What this task involves:
Below are records; reproduce exactly the lines from the first through the one containing "Encuentro latinoamericano de".

Collected data:
• • • • • • •

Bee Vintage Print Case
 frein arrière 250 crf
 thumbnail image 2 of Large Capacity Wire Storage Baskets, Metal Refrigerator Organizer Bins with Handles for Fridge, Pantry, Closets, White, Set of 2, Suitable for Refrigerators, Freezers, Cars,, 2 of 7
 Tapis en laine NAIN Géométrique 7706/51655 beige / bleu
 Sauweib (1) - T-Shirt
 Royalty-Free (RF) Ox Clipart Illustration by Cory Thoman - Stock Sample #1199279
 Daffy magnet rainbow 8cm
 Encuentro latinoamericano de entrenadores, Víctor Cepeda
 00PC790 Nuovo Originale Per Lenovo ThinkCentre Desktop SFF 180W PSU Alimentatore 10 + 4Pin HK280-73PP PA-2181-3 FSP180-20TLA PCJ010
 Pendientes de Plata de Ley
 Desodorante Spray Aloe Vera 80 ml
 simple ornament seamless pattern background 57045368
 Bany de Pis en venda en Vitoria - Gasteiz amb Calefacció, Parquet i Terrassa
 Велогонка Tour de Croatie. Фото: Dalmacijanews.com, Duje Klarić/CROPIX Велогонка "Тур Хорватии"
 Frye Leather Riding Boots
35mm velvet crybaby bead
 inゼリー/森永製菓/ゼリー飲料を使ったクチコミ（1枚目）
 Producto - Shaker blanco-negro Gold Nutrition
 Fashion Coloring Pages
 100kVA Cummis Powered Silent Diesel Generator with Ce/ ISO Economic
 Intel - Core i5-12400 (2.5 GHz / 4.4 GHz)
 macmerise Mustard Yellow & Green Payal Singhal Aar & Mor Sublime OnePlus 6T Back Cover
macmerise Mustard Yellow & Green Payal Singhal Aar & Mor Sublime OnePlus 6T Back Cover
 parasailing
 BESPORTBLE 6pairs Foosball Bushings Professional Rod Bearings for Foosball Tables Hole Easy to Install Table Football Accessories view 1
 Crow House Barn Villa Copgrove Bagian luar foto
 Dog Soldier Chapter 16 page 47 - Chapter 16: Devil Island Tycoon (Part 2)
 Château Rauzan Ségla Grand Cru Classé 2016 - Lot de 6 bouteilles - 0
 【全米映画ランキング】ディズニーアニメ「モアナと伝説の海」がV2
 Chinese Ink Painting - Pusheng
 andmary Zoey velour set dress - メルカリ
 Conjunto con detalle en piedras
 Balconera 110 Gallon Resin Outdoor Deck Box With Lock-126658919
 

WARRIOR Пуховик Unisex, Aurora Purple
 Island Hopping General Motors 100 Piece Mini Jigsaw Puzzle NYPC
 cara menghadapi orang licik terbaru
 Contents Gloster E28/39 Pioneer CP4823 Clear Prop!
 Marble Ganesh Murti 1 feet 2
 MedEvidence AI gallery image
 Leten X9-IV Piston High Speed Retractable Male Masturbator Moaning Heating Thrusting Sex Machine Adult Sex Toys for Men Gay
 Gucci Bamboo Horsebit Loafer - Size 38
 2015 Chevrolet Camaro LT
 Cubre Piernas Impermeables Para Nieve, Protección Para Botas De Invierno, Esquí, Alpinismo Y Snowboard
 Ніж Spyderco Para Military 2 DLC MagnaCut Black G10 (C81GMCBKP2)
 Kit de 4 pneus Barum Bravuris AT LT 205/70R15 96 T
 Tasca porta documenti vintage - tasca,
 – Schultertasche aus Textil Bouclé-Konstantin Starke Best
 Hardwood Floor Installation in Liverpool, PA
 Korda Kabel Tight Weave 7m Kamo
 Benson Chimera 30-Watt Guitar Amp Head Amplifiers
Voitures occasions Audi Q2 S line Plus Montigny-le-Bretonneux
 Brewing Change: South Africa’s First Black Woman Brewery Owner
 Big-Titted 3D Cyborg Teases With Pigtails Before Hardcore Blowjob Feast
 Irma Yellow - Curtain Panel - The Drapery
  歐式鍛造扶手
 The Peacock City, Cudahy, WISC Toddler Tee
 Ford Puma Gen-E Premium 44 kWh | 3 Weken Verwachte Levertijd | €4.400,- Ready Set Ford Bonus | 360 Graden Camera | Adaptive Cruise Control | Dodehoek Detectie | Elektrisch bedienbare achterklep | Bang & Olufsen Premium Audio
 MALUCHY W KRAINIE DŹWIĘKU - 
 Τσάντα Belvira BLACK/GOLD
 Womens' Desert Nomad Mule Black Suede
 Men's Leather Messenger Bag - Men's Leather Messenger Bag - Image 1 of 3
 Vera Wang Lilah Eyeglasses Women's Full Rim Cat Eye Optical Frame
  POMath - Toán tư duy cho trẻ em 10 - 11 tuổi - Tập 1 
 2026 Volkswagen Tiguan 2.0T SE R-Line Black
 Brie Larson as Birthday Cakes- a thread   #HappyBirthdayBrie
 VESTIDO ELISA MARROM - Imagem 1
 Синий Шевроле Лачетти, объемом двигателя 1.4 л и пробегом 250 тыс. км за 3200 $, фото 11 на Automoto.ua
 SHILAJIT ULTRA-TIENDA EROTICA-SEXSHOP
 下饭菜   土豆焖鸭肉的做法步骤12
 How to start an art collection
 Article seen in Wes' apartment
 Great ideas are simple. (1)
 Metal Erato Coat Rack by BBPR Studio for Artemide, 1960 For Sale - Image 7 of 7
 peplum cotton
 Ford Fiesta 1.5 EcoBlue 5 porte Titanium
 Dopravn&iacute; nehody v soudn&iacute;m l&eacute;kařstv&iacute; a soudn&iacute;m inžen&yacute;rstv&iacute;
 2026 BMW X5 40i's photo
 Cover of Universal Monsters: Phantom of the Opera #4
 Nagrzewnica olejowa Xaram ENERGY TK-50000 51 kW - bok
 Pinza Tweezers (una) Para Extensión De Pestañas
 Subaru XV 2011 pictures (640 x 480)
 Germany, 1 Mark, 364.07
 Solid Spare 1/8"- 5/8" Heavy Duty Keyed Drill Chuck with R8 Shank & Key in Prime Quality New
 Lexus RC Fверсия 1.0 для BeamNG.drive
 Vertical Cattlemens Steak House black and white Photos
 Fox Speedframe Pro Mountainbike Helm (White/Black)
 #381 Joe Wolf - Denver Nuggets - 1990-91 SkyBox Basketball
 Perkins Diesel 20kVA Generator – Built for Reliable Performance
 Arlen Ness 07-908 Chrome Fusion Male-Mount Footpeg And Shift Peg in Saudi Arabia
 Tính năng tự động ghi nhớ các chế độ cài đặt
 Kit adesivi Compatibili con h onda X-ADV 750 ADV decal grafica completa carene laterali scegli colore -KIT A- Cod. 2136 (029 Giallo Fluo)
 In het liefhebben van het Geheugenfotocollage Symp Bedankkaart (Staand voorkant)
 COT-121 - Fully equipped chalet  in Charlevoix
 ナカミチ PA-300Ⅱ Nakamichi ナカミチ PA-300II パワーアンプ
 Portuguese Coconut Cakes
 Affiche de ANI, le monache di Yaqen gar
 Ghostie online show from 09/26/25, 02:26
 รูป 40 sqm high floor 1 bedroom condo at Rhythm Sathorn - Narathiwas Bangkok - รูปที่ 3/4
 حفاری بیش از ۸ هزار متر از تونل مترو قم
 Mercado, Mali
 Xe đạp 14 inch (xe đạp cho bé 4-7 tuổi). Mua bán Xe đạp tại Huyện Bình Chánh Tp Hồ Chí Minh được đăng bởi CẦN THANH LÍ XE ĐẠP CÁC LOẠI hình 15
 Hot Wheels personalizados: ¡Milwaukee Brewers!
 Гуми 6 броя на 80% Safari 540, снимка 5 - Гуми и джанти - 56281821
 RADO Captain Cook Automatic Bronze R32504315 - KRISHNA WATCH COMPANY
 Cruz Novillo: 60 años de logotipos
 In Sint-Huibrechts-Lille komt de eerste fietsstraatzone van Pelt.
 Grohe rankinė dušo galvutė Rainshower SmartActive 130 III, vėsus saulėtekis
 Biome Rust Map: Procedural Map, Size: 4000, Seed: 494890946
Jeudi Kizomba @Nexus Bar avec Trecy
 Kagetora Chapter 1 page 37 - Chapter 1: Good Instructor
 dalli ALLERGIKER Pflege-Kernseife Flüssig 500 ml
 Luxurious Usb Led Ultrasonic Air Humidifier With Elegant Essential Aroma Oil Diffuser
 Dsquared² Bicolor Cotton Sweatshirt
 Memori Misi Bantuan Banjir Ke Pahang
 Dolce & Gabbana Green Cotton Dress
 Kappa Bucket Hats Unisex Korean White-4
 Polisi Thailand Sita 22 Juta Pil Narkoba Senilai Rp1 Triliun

• • • • • • •

Problem solution:
Bee Vintage Print Case
 frein arrière 250 crf
 thumbnail image 2 of Large Capacity Wire Storage Baskets, Metal Refrigerator Organizer Bins with Handles for Fridge, Pantry, Closets, White, Set of 2, Suitable for Refrigerators, Freezers, Cars,, 2 of 7
 Tapis en laine NAIN Géométrique 7706/51655 beige / bleu
 Sauweib (1) - T-Shirt
 Royalty-Free (RF) Ox Clipart Illustration by Cory Thoman - Stock Sample #1199279
 Daffy magnet rainbow 8cm
 Encuentro latinoamericano de entrenadores, Víctor Cepeda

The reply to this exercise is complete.